Friday, September 26, 2008

More on LSAT-free admissions and the rankings

There are lots of good posts on this issue (see, e.g., here, here, here, and here), and I'm guest-blogging about it at Race to the Bottom (see here).

Looking forward to reading your comments on all of this.

2 comments:

Stephen said...

It does reward grade inflation, all in all. Maybe a good thing.

Unknown said...

At first blush it would seem that Michigan should be lauded for relying less heavily on the LSAT. Upon further investigation however, it does not seem plausible that Michigan does not realize how transparent their system truly is.

It would be one thing for the admissions staff to acknowledge that the staff has a strong grasp on particular Michigan undergraduate programs' reputations, difficulty, and preparation for law school.

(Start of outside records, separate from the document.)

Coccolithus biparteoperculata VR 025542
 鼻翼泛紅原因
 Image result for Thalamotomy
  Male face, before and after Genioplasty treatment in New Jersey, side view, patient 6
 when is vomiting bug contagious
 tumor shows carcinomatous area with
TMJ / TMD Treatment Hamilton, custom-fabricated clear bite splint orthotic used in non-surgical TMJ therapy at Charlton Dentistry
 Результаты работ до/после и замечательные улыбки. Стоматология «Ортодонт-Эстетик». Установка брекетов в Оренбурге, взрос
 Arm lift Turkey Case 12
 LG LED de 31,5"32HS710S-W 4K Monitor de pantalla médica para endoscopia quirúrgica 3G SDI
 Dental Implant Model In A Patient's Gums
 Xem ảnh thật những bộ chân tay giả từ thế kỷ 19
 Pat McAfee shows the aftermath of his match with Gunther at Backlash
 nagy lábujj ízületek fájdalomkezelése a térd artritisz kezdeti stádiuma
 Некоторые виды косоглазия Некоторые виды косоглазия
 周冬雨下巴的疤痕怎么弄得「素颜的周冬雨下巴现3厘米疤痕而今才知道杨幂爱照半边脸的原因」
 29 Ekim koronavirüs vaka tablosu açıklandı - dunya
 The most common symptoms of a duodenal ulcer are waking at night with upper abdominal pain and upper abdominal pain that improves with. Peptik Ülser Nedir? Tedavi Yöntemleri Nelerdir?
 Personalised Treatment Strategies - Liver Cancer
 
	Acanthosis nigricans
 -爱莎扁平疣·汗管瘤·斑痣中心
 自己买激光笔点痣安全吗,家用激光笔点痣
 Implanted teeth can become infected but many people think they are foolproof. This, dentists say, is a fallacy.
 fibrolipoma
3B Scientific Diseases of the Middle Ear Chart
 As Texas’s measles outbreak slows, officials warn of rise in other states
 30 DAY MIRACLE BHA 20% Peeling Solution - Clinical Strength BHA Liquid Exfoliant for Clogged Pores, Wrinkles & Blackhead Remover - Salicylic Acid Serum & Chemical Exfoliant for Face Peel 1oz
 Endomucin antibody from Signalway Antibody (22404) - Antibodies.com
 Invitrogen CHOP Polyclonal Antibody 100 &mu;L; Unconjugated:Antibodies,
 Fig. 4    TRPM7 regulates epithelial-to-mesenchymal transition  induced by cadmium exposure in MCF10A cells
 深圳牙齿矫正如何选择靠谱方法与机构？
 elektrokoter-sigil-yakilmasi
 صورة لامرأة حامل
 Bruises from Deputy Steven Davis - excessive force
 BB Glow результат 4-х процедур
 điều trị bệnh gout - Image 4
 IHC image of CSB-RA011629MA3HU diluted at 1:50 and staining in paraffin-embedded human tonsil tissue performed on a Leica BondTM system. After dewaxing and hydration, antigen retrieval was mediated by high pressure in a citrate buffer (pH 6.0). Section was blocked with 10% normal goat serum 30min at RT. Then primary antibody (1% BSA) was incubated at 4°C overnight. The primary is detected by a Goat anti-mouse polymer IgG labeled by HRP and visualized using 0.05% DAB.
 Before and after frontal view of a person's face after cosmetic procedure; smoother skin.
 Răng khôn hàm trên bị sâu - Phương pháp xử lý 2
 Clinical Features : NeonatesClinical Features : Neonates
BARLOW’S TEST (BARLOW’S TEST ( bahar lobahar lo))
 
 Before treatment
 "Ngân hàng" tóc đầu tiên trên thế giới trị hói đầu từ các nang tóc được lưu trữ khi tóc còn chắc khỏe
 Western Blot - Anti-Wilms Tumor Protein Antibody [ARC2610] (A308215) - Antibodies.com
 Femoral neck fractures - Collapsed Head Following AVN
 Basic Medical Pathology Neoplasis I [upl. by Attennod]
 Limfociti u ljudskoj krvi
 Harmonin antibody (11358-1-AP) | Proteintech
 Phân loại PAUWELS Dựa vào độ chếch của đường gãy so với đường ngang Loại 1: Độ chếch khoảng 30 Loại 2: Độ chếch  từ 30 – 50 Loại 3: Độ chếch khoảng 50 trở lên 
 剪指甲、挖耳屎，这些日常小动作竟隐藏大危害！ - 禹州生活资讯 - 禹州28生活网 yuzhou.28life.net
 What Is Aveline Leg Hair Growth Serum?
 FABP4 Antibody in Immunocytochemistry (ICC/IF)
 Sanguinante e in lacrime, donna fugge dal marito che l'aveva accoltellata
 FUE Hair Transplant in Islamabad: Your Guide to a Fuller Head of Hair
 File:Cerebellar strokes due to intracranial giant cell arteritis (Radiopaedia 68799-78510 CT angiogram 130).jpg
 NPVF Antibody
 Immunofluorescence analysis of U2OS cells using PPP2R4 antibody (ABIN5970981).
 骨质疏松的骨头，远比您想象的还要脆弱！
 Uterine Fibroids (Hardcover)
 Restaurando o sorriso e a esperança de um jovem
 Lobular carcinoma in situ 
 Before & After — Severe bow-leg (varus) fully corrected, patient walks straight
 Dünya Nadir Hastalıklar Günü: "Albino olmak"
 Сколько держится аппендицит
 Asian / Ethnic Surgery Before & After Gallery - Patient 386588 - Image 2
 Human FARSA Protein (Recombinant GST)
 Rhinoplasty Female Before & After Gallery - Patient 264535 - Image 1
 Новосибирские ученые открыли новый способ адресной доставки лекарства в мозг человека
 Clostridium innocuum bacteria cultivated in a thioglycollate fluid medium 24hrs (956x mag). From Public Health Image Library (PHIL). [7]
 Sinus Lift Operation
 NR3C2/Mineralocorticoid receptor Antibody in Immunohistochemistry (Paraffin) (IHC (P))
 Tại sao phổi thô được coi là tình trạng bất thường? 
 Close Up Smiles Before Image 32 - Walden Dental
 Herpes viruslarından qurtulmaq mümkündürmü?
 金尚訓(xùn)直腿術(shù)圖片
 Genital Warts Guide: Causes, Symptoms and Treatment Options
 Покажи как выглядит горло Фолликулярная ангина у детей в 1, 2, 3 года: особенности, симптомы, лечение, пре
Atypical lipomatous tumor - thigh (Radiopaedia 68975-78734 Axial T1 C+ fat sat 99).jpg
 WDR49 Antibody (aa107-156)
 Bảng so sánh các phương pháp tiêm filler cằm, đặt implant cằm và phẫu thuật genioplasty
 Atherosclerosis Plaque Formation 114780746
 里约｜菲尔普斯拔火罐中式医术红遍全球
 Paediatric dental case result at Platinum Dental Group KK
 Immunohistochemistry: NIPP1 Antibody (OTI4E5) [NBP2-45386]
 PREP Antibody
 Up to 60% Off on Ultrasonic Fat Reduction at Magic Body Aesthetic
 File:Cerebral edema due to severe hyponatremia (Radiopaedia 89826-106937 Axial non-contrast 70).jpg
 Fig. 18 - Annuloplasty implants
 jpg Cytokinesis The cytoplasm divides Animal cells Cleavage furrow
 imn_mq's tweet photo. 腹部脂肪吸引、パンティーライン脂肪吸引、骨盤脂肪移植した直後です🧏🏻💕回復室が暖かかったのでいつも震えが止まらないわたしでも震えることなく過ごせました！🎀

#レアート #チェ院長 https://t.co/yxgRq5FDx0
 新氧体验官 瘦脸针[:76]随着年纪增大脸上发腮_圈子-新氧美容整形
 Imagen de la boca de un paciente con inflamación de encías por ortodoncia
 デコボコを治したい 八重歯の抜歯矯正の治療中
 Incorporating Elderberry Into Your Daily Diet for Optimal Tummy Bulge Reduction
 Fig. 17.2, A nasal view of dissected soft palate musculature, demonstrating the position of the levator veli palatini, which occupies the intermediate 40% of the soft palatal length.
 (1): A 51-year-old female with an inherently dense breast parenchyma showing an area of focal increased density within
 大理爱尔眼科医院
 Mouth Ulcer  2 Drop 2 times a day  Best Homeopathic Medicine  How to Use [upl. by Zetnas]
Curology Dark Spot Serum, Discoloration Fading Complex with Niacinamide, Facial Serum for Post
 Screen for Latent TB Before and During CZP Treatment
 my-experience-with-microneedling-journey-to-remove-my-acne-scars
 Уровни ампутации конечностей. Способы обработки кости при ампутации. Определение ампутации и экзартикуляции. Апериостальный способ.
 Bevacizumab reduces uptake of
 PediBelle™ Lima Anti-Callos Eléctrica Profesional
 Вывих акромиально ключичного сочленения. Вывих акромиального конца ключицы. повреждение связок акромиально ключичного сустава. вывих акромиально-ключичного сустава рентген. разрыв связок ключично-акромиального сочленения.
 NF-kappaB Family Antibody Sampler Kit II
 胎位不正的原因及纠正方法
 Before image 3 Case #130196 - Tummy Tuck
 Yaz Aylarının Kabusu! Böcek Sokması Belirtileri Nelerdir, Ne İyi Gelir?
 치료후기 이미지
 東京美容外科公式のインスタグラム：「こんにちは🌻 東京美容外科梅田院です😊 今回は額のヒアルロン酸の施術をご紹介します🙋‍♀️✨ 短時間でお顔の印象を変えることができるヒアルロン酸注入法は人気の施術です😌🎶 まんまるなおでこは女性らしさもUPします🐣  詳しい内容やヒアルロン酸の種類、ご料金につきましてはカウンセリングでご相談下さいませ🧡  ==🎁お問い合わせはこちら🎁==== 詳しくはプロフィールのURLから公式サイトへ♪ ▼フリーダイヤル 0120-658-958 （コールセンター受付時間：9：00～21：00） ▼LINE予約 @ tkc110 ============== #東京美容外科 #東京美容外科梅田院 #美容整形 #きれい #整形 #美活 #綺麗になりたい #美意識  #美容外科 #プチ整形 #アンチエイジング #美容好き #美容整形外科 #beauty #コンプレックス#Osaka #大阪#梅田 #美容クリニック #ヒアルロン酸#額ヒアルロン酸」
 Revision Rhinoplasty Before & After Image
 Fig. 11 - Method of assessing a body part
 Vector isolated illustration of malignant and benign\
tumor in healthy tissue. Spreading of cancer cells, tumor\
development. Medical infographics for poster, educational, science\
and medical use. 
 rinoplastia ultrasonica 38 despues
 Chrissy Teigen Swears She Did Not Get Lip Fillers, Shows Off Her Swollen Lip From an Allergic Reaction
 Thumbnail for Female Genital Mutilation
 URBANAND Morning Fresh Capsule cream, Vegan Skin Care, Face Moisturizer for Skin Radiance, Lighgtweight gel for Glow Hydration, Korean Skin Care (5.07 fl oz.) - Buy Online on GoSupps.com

That is entirely reasonable. It would be entirely reasonable to say that if a student receives X GPA in B major that student has a high probability for success during law school. But the caveat that the student cannot take the LSAT to demonstrate that aptitude seems laughable. I initially understood this to mean that if a student graduated from Michigan with a particular GPA that student would automatically gain admission irrespective of the student's LSAT score. That is not the case; the student must not take the LSAT. How does Michigan support that requirement?

Also, I would presume that not all Michigan undergraduate majors are equal in their difficulty, nor in their capability to produce legal scholars. It would also appear to be less "gamesy" if Michigan established a sliding scale for their undergraduate majors. For instance an Electric Engineering major only needs X GPA whereas a Recreation Management major needs Y GPA. An approach accounting for major also seems like it would be somewhat less transparent.

It is disappointing that schools go to such lengths to get the leg up on the competition. With the lengths that schools go to "game" ranking institutions (1 in particular) at least lawyers (and the subject of lawyers' jokes) can point to their institutions of higher education as basing their ethical compass.